Она закрыла глаза, и воспоминания вновь ожили. Папа наряжал её, маленькую Ирочку, в красивое платье, неумело заплетал ей косички. Они шли на прогулку по набережной, устраивали походы в зоопарк и театр, а на летние каникулы ездили к морю, где он учил её плавать и, загорая потом на песке, разглядывал с ней пушистые облака: они видели в небе крылатых коней и других сказочных животных. Она не уставала слушать его рассказы о жизни скалистых гор, непроходимых джунглей и далёких морей. А став постарше, вместе смеялись и плакали над книгами. Она постоянно твердила всем, что у неё самый лучший папа в мире. В силу своего характера, заложенного отцом, если Ира за что-то бралась, то каждое дело – и большое, и малое – доводила до конца и с самым лучшим результатом. По-другому она не умела. Если школа – то золотая медаль, если институт – то лучшая студентка. И папа гордился любыми, даже самыми незначительными достижениями дочери, всегда хвалил её и во всем поддерживал.

Правда, когда-то между ними имелись некоторые противоречия во взглядах на жизнь. Начались они в старших классах, когда Ирина стала интересоваться обычными подростковыми радостями – современной музыкой, танцами, американскими кинофильмами, косметикой и модной одеждой, – всё это шло вразрез с папиными представлениями о целомудренном девичьем поведении, и их отношения разладились. Но, к счастью, она быстро переросла подростковый период со всеми присущими этому возрасту прыщами и особенностями характера – упрямством и всезнайством. И её любовь к отцу стала ещё крепче, чем в отрочестве. Она, папина дочка, не смела даже подумать о нём плохо, любя его больше всех. Отец оставался для неё Космосом, недосягаемым идеалом, образцом для подражания и объектом её бесконечной гордости.

Господи, где же он сейчас? Неужели он уже никогда не придёт домой, не обнимет её, не поцелует? Неужели они уже никогда не будут вместе? Нет! Этого не может быть! А вдруг… вдруг он умер? Она с ужасом представила его в гробу – всего белого, с ровными чертами лица, тело выглядит легким, невесомым, будто бы из него извлекли внутренности, и оно похудело и сжалось. Осталась лишь сухая, тонкая оболочка.
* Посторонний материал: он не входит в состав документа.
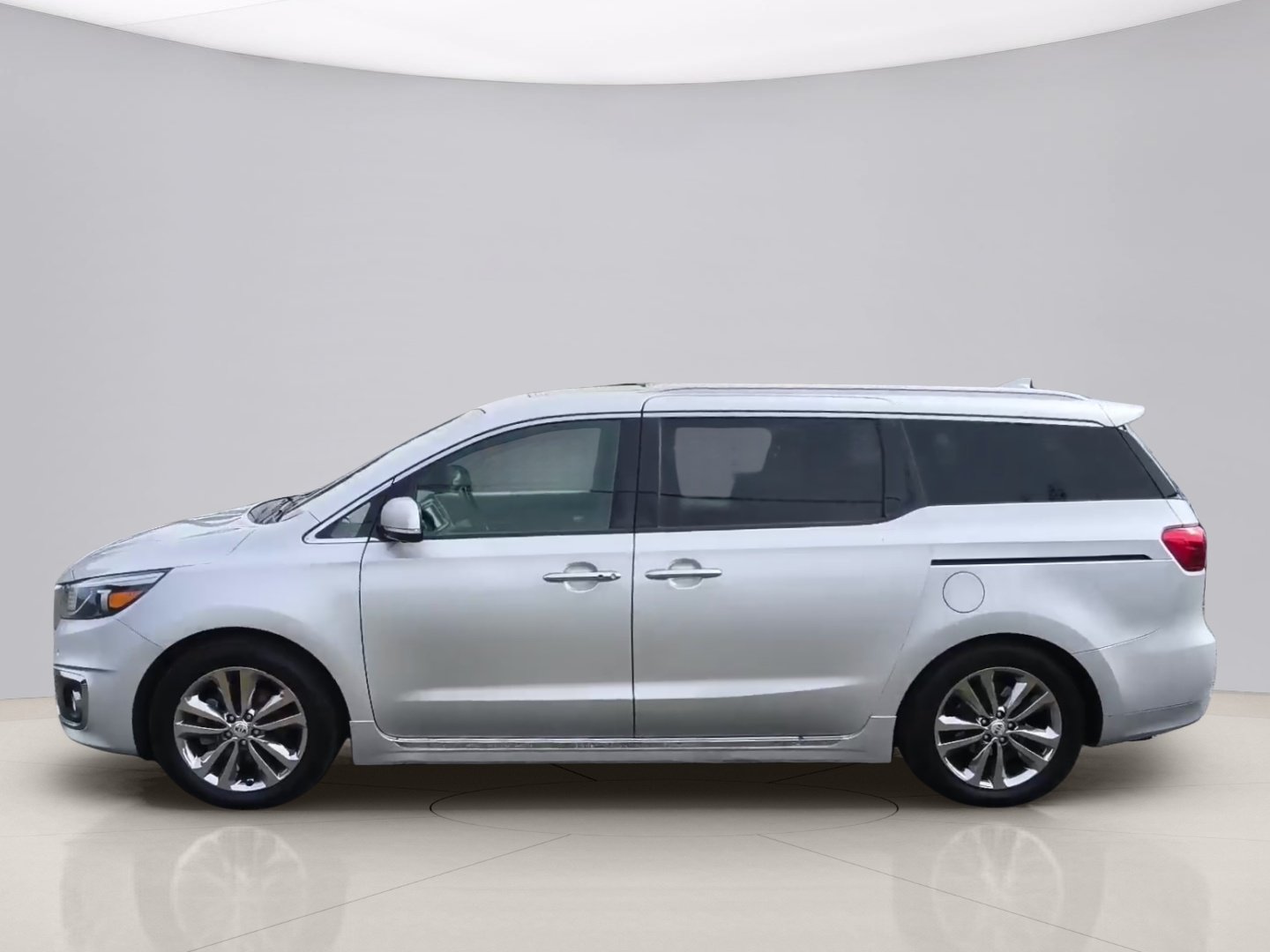 Used 2016 Silver Kia SX-L image 2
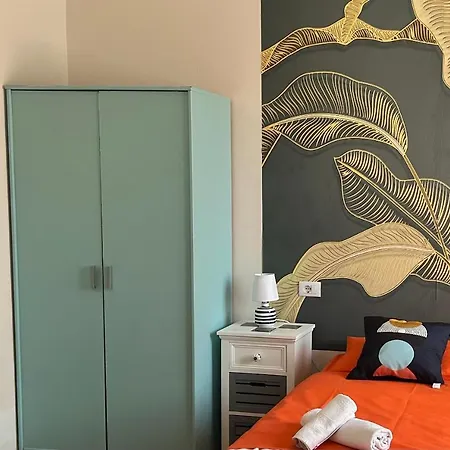Apartment House Of Artist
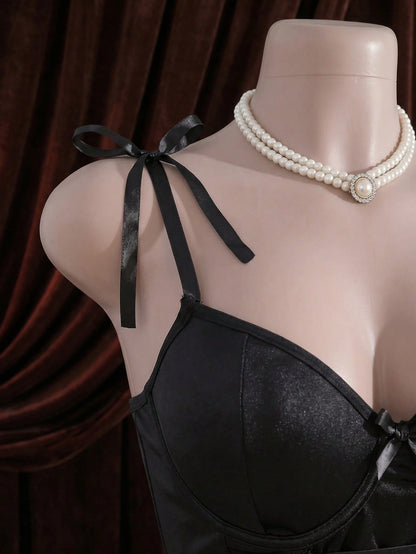 The Lady's Sexy Lingerie Set, With Bow-Shaped Shoulder Straps, Adjustable Waistband And Lace Patchwork, Paired With Fishnet Stockings, Is Extremely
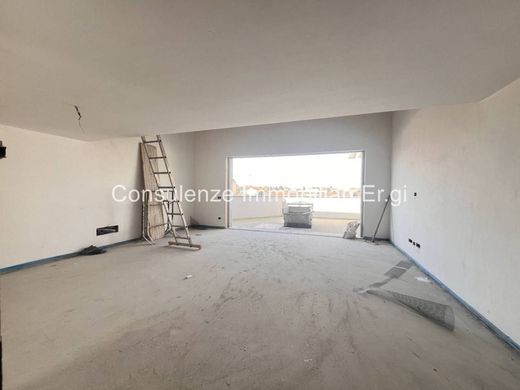 Ático en Garbagnate Milanese, Milán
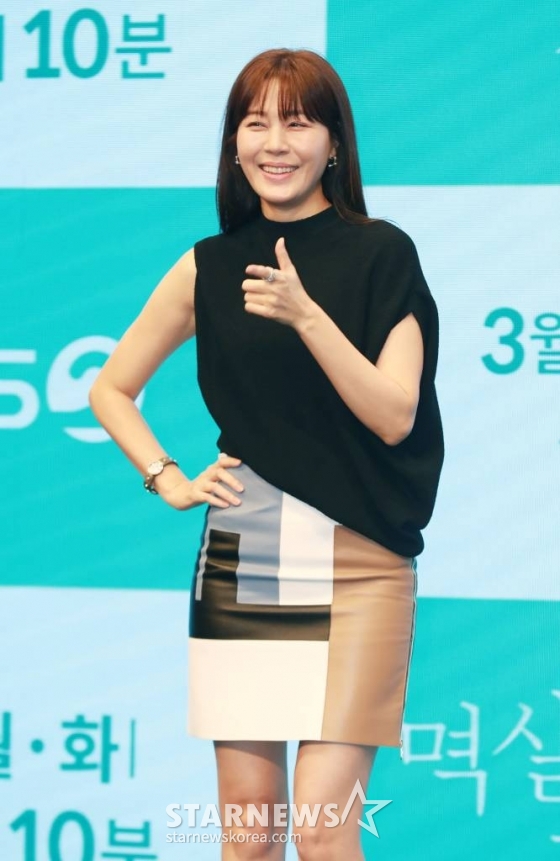 배우 김하늘이 18일 오후 서울 구로구 더 세인트에서 진행된 KBS 2TV 드라마 '멱살 한번 잡힙시다' 제작발표회에 참석해 포즈를 취하고 있다.  나쁜 놈들 멱살 잡는 기자 서정원과 나쁜 놈들 수갑 채우는 강력팀 형사 김태헌이 연이어 터진 살인사건을 함께 추적하며 거대한 소용돌이에 빠지는 멜로 추적 스릴러 '멱살 한번 잡힙시다'는 오늘(18일) 첫 방송된다. /2024.03.18 /사진=이동훈 기자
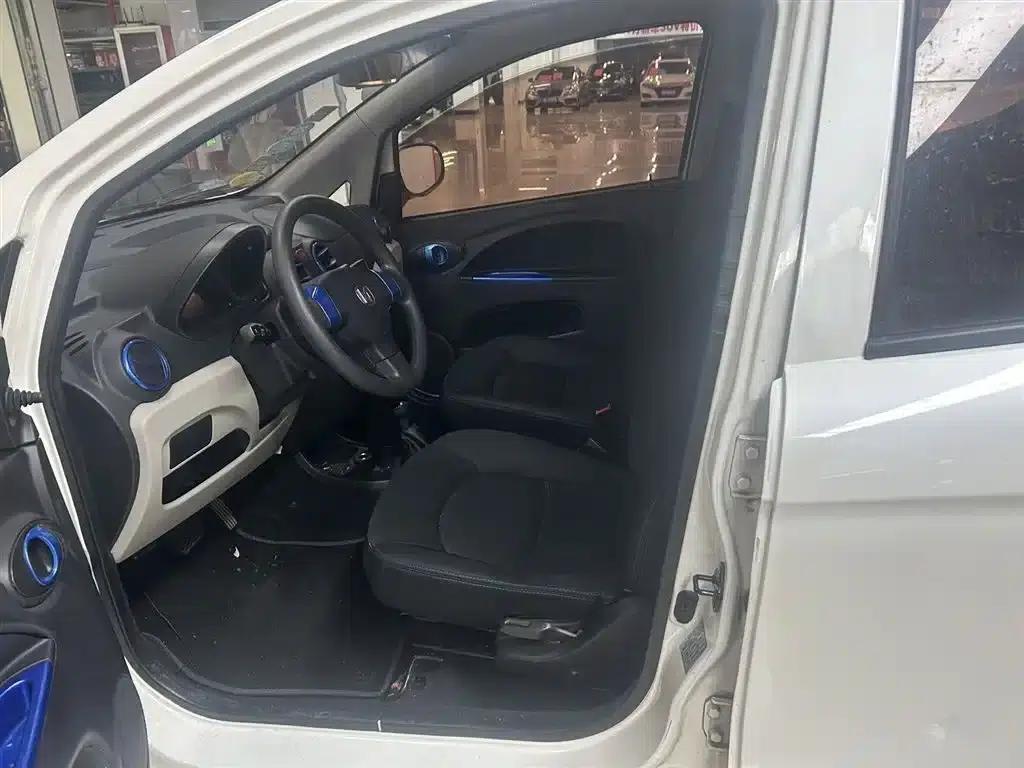 Jiangling E200L 2017 Model E200P Standard Edition — миниатюра 6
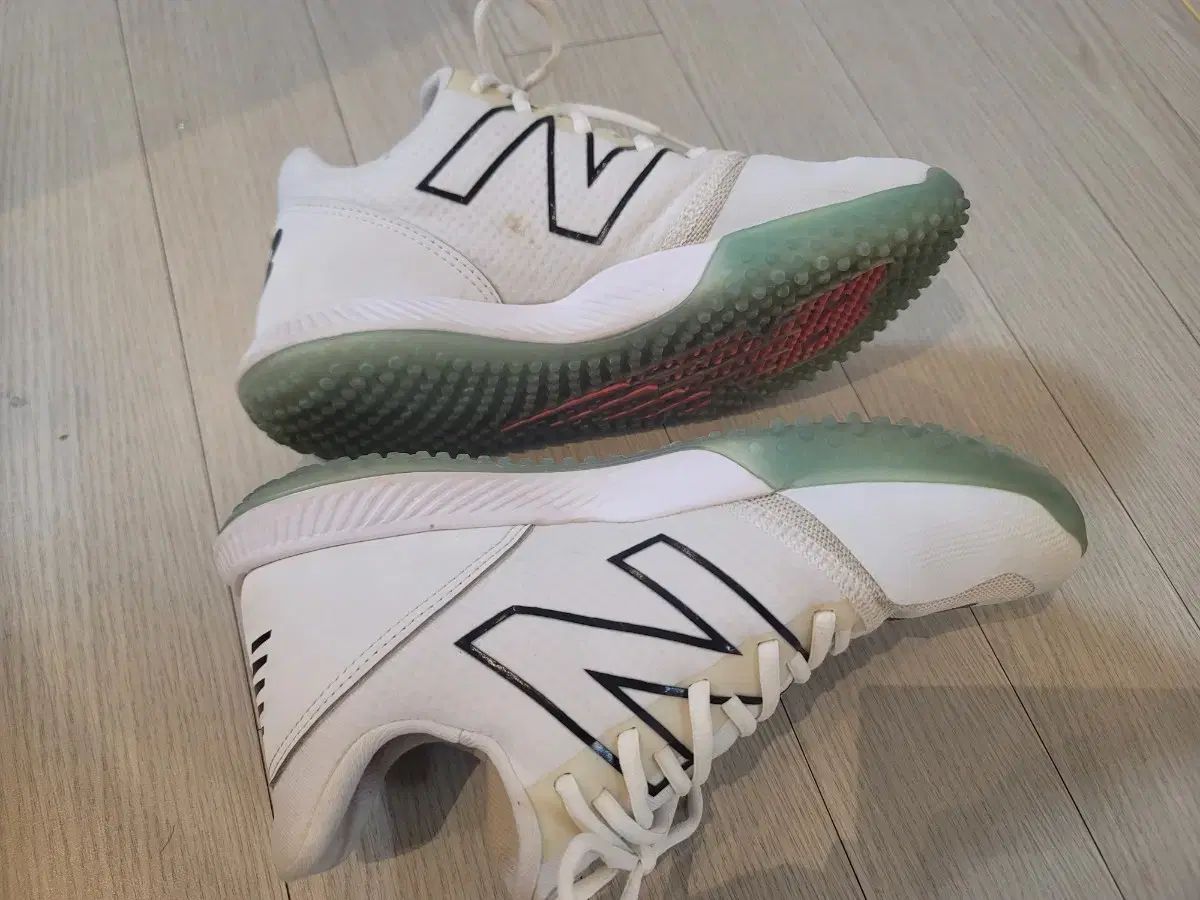 野球シューズ 人造芝用シューズ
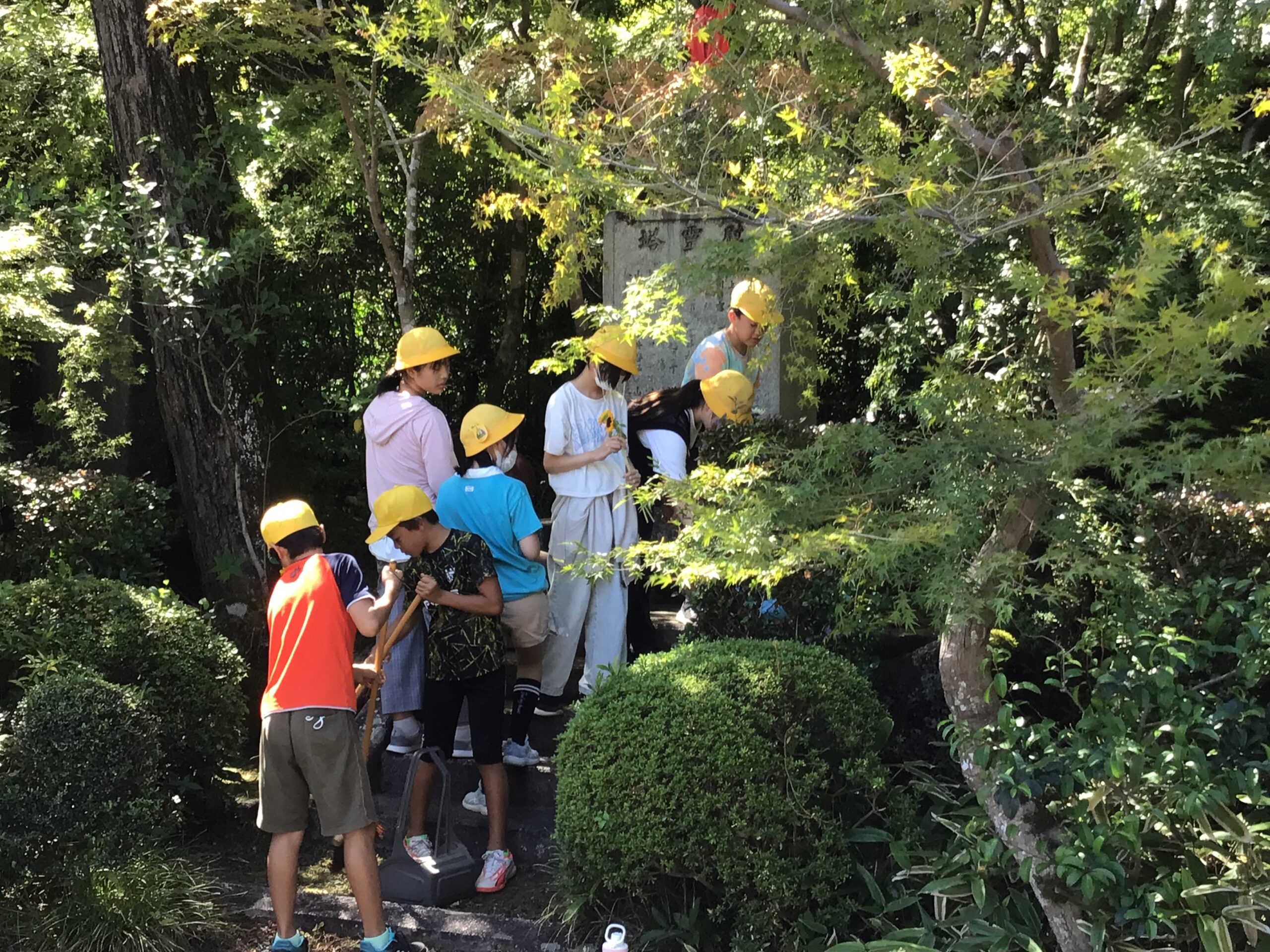 室戸台風慰霊塔献花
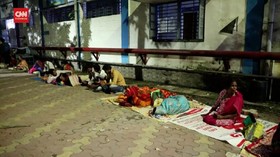 VIDEO: Warga Siliguri India Menginap Untuk Vaksinasi Covid-19
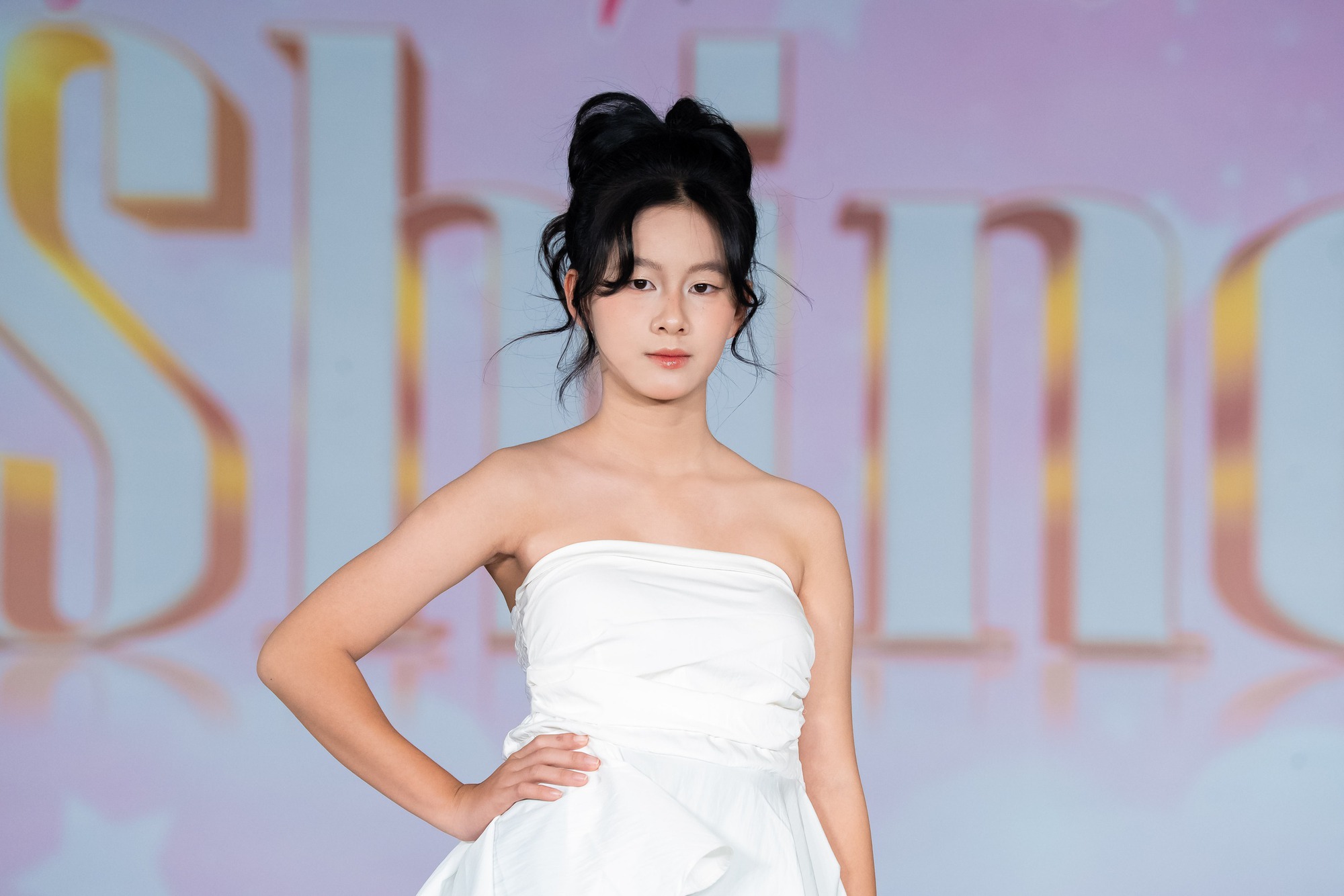 Diễn viên Thanh Hương, cô giáo Hương Đinh xuất hiện tại Show diễn SHINE trong khuôn khổ Vietnam Kids Fashion Week- Ảnh 17.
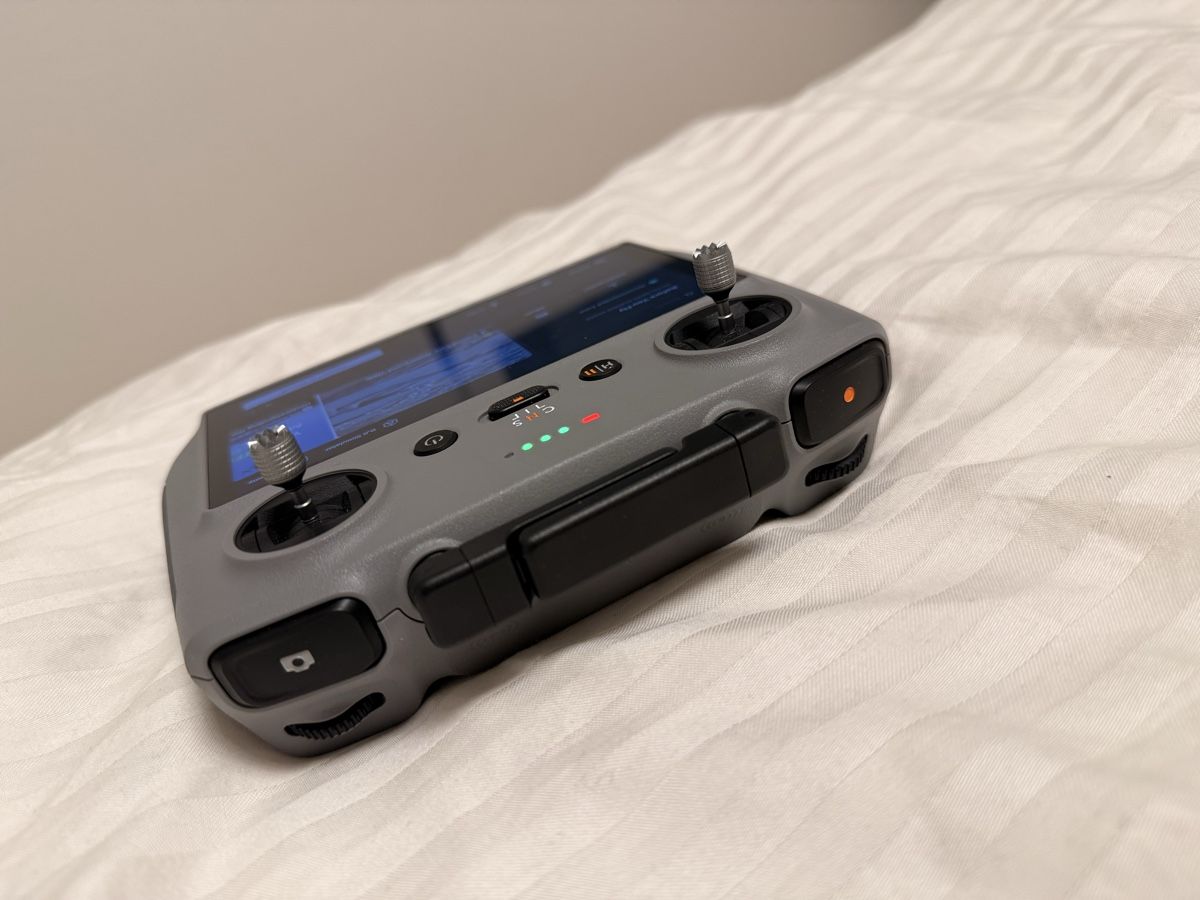 DJI Commande à distance: DJI RC2  – D'occasion à Sirnach par sirnach.uni 1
От этой мысли волосы у неё стали дыбом, а кровь застыла. И непроизвольно вырвалось: «папа». Она невольно вздрогнула и вновь взглянула на часы: боже, почти пять часов утра. В эту несусветную рань город спал беспробудным сном в свой заслуженный выходной день. Уличное освещение отключили, как только небо едва заметно посветлело, предвещая рассвет. А потом в самом конце проспекта стало подниматься тусклое белое солнце. Было невыносимо тихо – ни звука, ни шороха. Только часы на комоде своим монотонным, но зловещим стуком нарушали гробовую тишину, от которой становилось жутко на сердце. Да и сам воздух пропитался мучительной тревожностью. Бедная мама, обессилев от усталости, откинулась на подушки, забылась спасительным сном. Вот только как заснёшь, если папы нет. Она бы точно не смогла.